TASK ITEM — Copy each line containing "Pink" from the listing below.

SOURCE RECORDS —
[Start of Attachment]

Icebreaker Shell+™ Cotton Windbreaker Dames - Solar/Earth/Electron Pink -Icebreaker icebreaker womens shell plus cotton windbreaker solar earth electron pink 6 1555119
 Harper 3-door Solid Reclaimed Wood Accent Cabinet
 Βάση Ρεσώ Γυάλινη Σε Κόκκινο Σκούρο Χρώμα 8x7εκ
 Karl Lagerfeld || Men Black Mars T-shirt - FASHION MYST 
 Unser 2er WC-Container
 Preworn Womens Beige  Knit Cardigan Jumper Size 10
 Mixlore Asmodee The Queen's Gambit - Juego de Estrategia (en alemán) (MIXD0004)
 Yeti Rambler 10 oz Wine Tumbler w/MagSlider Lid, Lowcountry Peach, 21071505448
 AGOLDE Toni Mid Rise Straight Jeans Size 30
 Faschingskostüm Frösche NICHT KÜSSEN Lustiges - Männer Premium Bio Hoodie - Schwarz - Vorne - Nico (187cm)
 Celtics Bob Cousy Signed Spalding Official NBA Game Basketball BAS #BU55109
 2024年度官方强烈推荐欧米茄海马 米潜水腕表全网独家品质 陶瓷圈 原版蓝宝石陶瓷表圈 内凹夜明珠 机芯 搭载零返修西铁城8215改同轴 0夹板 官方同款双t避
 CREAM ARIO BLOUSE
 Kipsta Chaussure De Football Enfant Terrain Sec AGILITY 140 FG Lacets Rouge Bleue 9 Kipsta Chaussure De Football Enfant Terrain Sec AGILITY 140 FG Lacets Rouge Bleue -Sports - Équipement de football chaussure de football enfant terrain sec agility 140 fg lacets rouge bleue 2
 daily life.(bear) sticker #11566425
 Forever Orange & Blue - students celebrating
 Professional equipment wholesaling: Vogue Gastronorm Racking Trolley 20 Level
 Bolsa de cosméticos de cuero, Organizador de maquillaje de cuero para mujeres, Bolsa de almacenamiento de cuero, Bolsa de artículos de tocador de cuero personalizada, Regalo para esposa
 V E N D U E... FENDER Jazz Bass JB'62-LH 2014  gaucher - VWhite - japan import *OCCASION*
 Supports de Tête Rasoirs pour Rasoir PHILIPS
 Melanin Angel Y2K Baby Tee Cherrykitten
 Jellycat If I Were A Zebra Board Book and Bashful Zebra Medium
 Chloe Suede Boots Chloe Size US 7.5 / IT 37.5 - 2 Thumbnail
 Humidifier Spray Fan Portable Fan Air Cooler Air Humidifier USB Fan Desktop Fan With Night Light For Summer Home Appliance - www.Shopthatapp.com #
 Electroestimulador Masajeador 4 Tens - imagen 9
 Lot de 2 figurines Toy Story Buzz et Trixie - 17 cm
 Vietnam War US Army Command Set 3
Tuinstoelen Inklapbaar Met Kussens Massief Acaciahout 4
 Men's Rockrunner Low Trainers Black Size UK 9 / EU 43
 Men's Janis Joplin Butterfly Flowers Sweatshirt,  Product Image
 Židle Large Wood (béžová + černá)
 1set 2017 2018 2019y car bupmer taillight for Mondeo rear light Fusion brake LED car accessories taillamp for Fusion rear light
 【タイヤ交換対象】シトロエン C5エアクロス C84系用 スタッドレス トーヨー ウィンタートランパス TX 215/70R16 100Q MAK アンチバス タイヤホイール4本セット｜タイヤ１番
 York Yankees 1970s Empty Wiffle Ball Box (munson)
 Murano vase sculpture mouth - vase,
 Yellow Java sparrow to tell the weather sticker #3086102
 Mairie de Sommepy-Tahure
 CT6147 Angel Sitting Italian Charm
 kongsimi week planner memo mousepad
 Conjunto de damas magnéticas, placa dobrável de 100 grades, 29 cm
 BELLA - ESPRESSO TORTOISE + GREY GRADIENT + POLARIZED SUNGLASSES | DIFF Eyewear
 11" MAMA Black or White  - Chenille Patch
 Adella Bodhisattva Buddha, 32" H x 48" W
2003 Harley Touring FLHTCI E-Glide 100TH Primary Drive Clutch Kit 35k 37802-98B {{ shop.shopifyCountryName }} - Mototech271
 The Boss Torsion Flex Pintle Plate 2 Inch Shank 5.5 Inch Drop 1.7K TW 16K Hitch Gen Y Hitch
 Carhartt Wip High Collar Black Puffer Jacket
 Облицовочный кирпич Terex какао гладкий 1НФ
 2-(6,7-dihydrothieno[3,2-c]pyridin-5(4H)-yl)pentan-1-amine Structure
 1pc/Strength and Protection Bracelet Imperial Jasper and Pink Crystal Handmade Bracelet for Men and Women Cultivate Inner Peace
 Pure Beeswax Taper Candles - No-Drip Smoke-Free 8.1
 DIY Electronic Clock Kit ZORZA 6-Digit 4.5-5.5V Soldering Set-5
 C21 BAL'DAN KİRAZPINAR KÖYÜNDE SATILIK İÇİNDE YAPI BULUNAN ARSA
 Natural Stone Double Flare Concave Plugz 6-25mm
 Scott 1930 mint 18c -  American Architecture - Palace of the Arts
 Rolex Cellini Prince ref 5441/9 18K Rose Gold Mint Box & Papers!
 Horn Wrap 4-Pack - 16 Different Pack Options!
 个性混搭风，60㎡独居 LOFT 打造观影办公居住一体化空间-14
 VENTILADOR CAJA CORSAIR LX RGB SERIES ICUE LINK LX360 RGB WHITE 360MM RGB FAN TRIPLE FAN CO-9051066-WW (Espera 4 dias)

[End of Attachment]

RESULT —
Icebreaker Shell+™ Cotton Windbreaker Dames - Solar/Earth/Electron Pink -Icebreaker icebreaker womens shell plus cotton windbreaker solar earth electron pink 6 1555119
 1pc/Strength and Protection Bracelet Imperial Jasper and Pink Crystal Handmade Bracelet for Men and Women Cultivate Inner Peace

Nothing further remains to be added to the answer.